Markets
Bitcoin Awaits US Inflation Data, Bond Market
With the oversupply of Saxony in Germany almost finishedThursday’s release of the U.S. Consumer Price Index (CPI) report will be key to determining the price of bitcoin (BTC) market trajectory.
Data due at 12:30 UTC (8:30 a.m. ET) are expected to show that the cost of living in the world’s largest economy rose 0.1% month-on-month in June after holding steady in May, leading to a 3.1% increase from a year earlier, according to economists polled by Dow Jones. The core CPI, which excludes more volatile food and energy prices, is expected to have risen 0.2% from May and 3.4% from June last year.
If the actual figure matches estimates, it would confirm continued progress toward the Federal Reserve’s 2 percent inflation target and set the stage for the bank to begin its much-anticipated rate-cutting cycle this year.
The increased rate cut outlook will likely bode well for risk assets including bitcoin, helping the leading cryptocurrency extend its price recovery from July 5 lows around $53,500. CoinDesk Data show that the recovery has stalled, with buyers struggling to establish themselves above the $59,000 mark.

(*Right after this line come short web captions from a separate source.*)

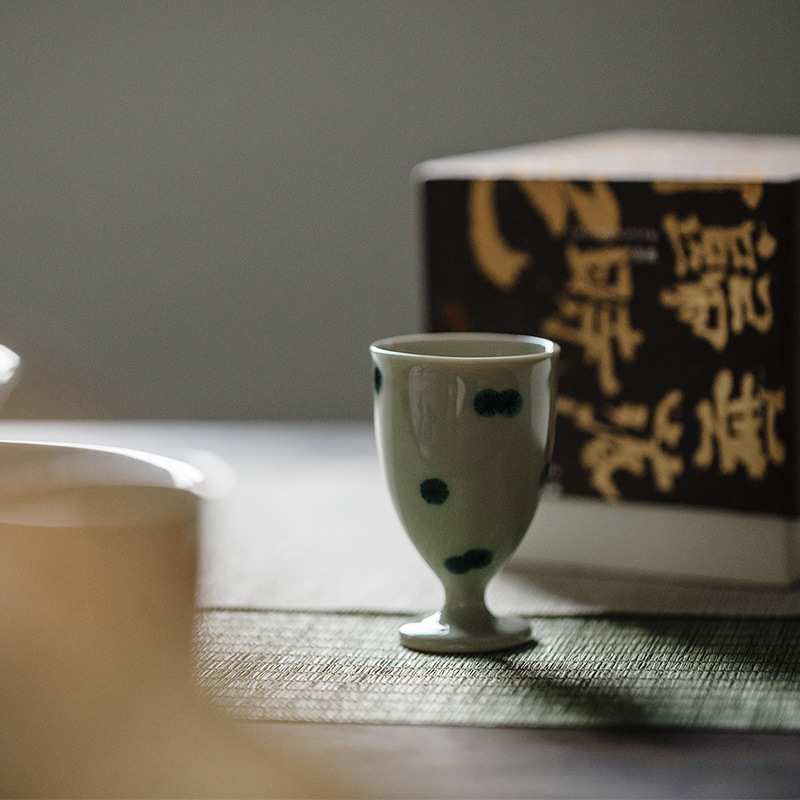 无落 秘黄釉仿宋高足精工手绘松花茶杯高脚杯功夫茶具品茗杯小号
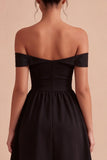 Keyhole Off the Shoulder Midi A Line Little Black Dress
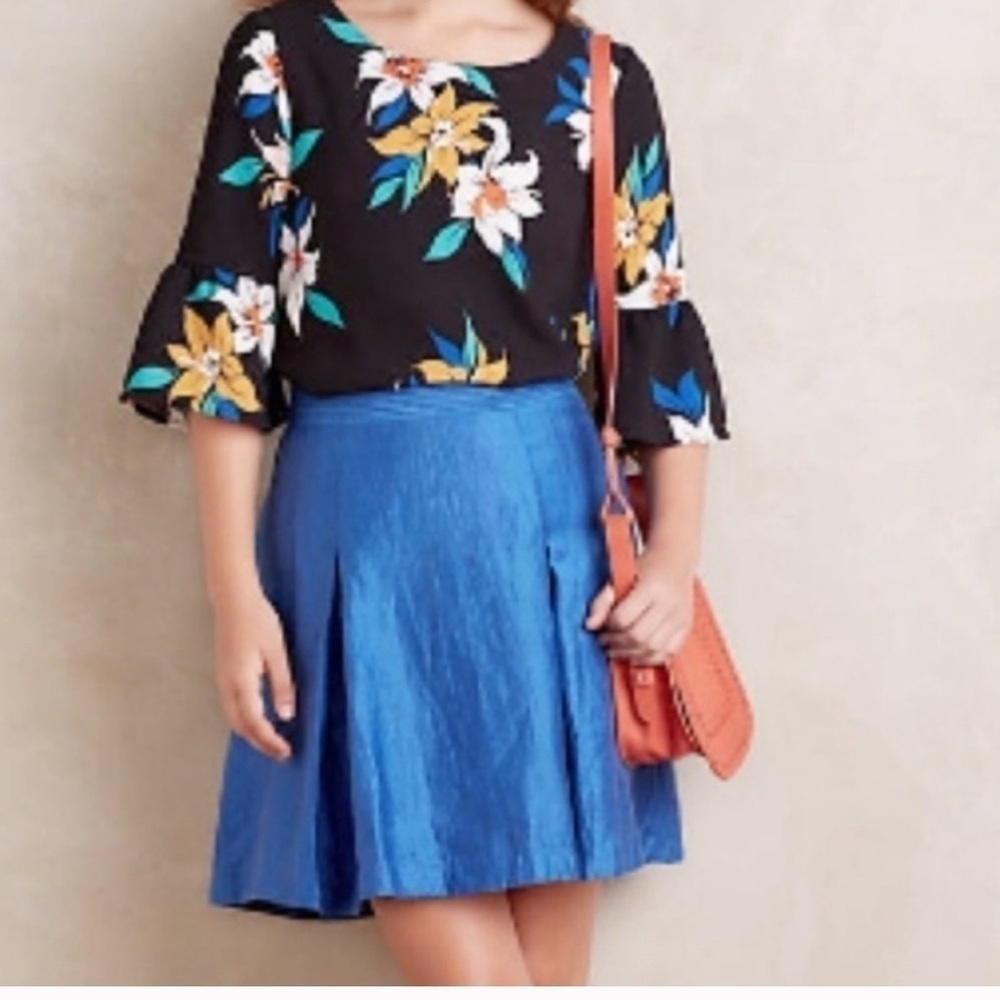 Anthropology Fit Flare Maeve Bold Cobalt blue Preppy Skirt Size 14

“The CPI data will be closely watched, with markets expected to react significantly to the release. Analysts’ optimistic outlook for late 2024 and 2025 hinges on the FOMC cutting policy rates, as lower rates typically increase liquidity, pushing investors into ‘long-tail’ assets like cryptocurrencies,” algorithmic trading firm Wintermute told CoinDesk in an email.
The inflation rate has slowed significantly from its 2022 peak of 9.1%. Yet in recent months, the Fed has reiterated the need to see further progress on the inflation front before ending high interest rates. On Tuesday, Fed Chair Jerome Powell said as much in testimony before Congress, while emphasizing that the bank would not wait for inflation to fall back to 2% before cutting rates.
According to the CME’s FedWatch tool, since Friday’s weak jobs report, traders have priced in about a 70% chance of a Fed rate cut in September and see an increasing likelihood of another cut in December.
The response of the US Treasury yield curve to the expected weak CPI release could influence overall market sentiment, including that of bitcoin.
Slowing inflation and rising bets on rate cuts could push up prices on two-year bonds, leading to lower yields. That’s because when investors anticipate lower interest rates, they’re willing to pay a premium for a security that offers a higher yield in the present. At the same time, the yield on 10-year bonds will likely remain elevated as markets recover. fear larger budget deficits under a potential Trump presidency. Republican candidate Donald Trump’s chances of winning the November 4 election have recently increased.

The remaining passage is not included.